ROME — Pope Francis this weekend will canonize Argentina’s “gaucho priest,” the poncho-wearing, mate-sipping pastor who rode his mule Malacara to the far-flung peripheries of Argentina to minister to the poor.
In many ways, Francis will be honoring a 19th-century version of himself.
Born in 1849 in the province of Cordoba, José Gabriel del Rosario Brochero was one of the most famous Catholics in the Argentina of Francis’s youth. He died in 1914 after living for years with leprosy that he was said to have contracted from one of his faithful.
Brochero was beatified in 2013, after Pope Benedict XVI signed off on a miracle attributed to his intercession. History’s first Argentine pope cleared him for sainthood earlier this year and on Sunday will canonize Brochero along with six other people in one of the final big Masses of his Holy Year of Mercy.
When Brochero was beatified in 2013, Francis wrote a letter to Argentina’s bishops praising Brochero for having had the “smell of his sheep.” That’s a phrase Francis has frequently used to describe his ideal pastor: one who accompanies his flock, walking with them through life’s ups and downs.
“He never stayed in the parish office, he got on his mule and went out to find people like a priest of the street — to the point of getting leprosy,” Francis wrote.
Francis, who like Brochero and most Argentines adores his mate tea, has exhorted his pastors to go to the peripheries to find wounded souls and bring them God’s mercy. Francis himself has travelled to some of the most forgotten corners of the world to minister to the faithful, and as archbishop of Buenos Aires, was known for riding public transport around town and visiting the capital’s slums to celebrate Mass for prostitutes and drug addicts, the most marginal of society.
Another parallel shared by the two Argentines is Brochero’s spirituality, which is deeply rooted in the Jesuit spiritual exercises that are so dear to Francis. Just as Brochero would lead his flock in performing the spiritual exercises of St. Ignatius Loyola, so too does Francis, bringing the entire Vatican hierarchy each year on retreat outside Rome.
“If there is one religious figure in Argentina’s history who best exemplifies Pope Francis’s idea of a priest, it’s ‘el cura’ Brochero,” said Austen Ivereigh, contributing editor to Crux and author of the Francis biography The Great Reformer.
“He lived simply, and for others, at one with the gauchos and poor folk.”
Francis resembles Brochero in other ways, too, with his simple, casual and — even occasionally — foul language. In fact, Brochero’s sainthood case was held up for years by concern that his “vulgar” language was not befitting of a priest, according to Father Diego Fares, an Argentine Jesuit writing in the Jesuit magazine Civilta Cattolica.
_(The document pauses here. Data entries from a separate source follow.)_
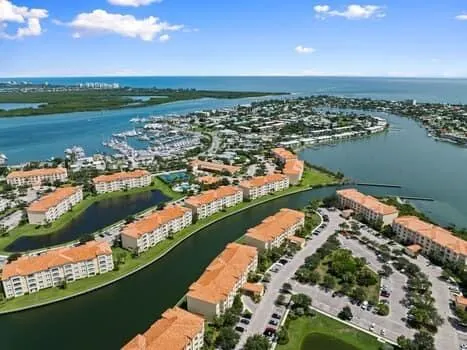 18 Harbour Isles 306 Drive W, #306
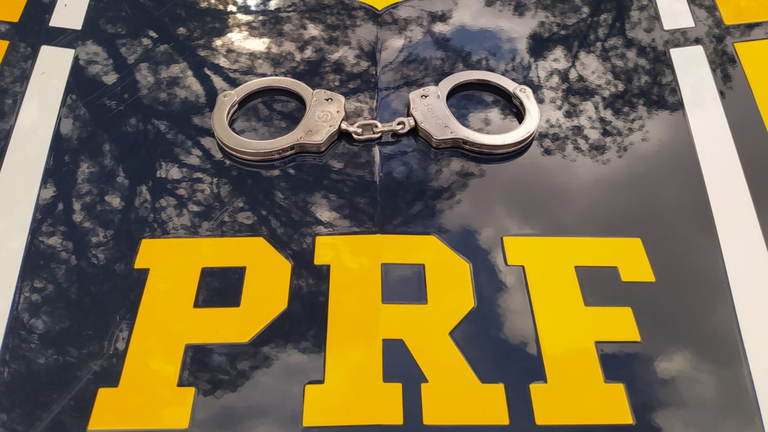 PRF prende dois homens por violência contra mulheres na Grande Natal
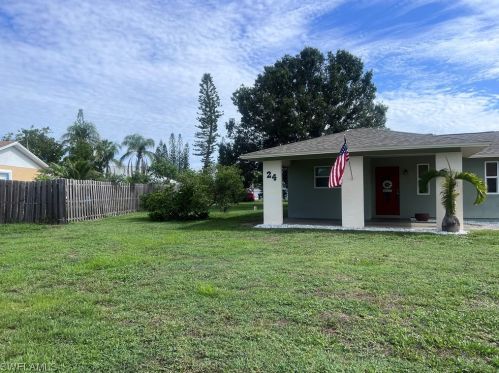 24 Charwood Cir, Lehigh Acres, FL 33936-5914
“Over time, the officials in the Causes of Saints office came to believe the reality that the people of God knew from the start: that Brochero’s language was a language of love. Time showed that his words were neither vulgar nor refined: They were the words that were right for each person,” Fares wrote.
In his 2013 letter, Francis praised Brochero for the simplicity of his message and language.
“He invited them to drink a mate, they chatted, and Brochero spoke to them in a way they all understood because it came from his heart, of the faith and love he had for Jesus,” he said.